KfW Tunisia Green Energy Cable: A Collaborative Effort

ELMED is jointly delivered by Tunisia’s grid operator STEG and Italy’s TERNA. Alongside KfW’s BMZ-mandated loan (EUR 35 million), the European Union has allocated a EUR 307.6 million grant through the Connecting Europe Facility, with further financing from the World Bank, European Investment Bank (EIB), European Bank for Reconstruction and Development (EBRD) and the Green Climate Fund. The EU also mobilised additional Team Europe support to accelerate enabling infrastructure in Tunisia. Details are documented in the KfW press release and EU communications.

Global Gateway Initiative

As a Global Gateway flagship, ELMED is a test case for how EU development finance can de-risk cross-border energy infrastructure with geopolitical relevance. The programme targets bankable, sustainable connectivity—here, via a North Africa–EU electricity bridge that can scale with Tunisia’s renewables build-out.
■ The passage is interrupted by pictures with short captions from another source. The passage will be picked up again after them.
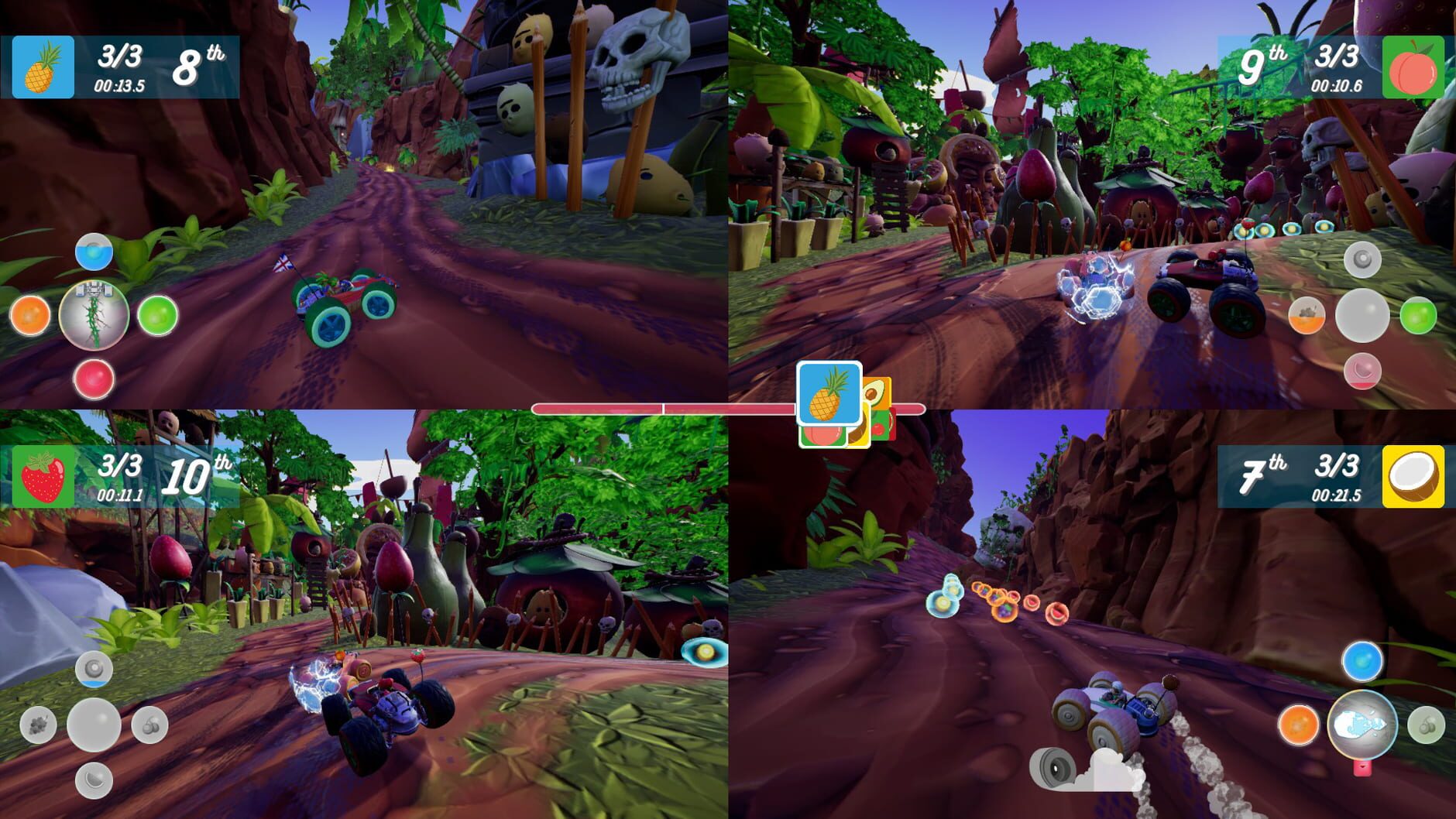 Screenshot for All-Star Fruit Racing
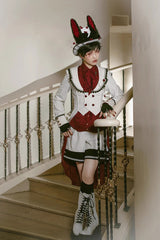 White Rabbit Duke Handsome Elegant Ouji Fashion Lolita Coat - Product - 3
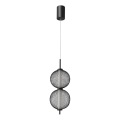 Lámpara LED colgante PUMA LED/10W/230V diámetro 14 cm negra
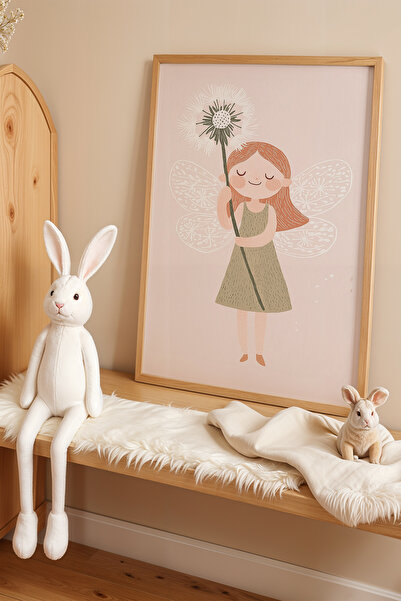 HİGUERA Pericik με λουλούδι ευχών - Πίνακας παιδικού δωματίου και βρεφικού δω...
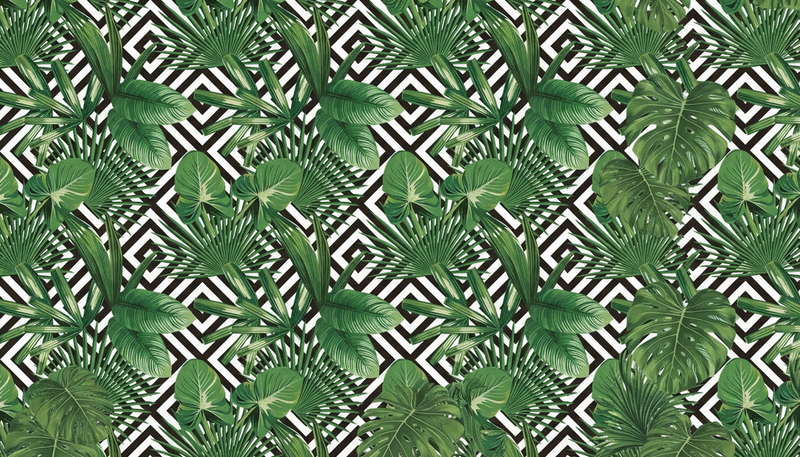 Wallpaper | Tropical Graphic Foliage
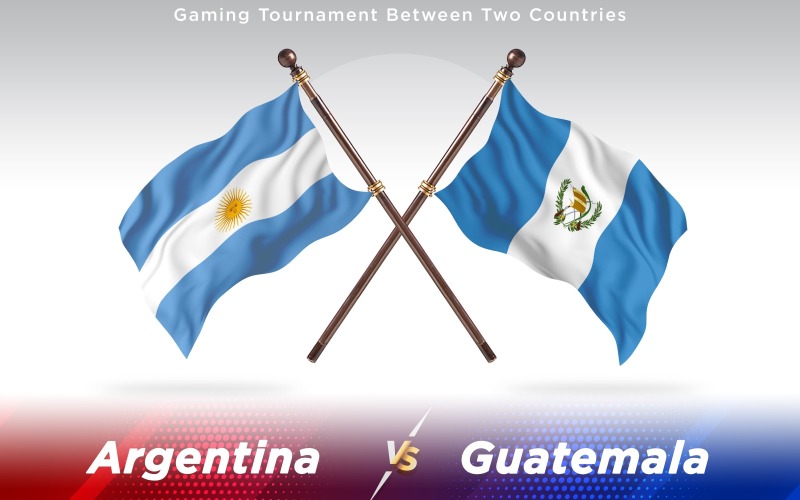 Download Иллюстрация "Argentina versus Guatemala Two Countries Flags - Illustration" / Argentina versus Guatemala Two Countries Flags - Illustration - Иллюстрация на тему графика national,patriotic,europe,asia,republic,map,flag,country,cartography,geography,nation,illustration,graphic,vector,state,world,isolated,symbol,border,icon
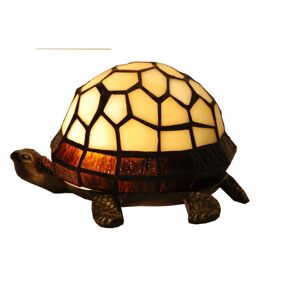 GreatTiger Desk lamp Viro Iluminación Beige Zinc 60 W 14 x 12 x 21 cm Tortoise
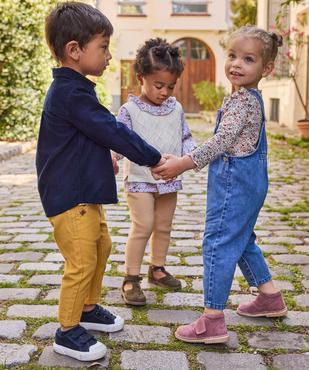 Ensemble 2 pièces bébé fille tee-shirt et salopette en jean - LuluCastagnette vue7 - LULUCASTAGNETTE - GEMO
What exactly is ELMED and how long is the cable?

ELMED is a Tunisia–Italy interconnector project linking Cap Bon with Sicily via a roughly 200 km subsea cable and about 20 km of associated onshore works, for a total span near 220 km. It is engineered for 600 MW to move low-carbon power into the Italian and broader EU market.

Terminology can vary by source: project notes often cite “200 km” for the submarine segment and “~220 km” including land sections. Both relate to the same build-out—subsea plus converter stations and grid tie-ins on each side.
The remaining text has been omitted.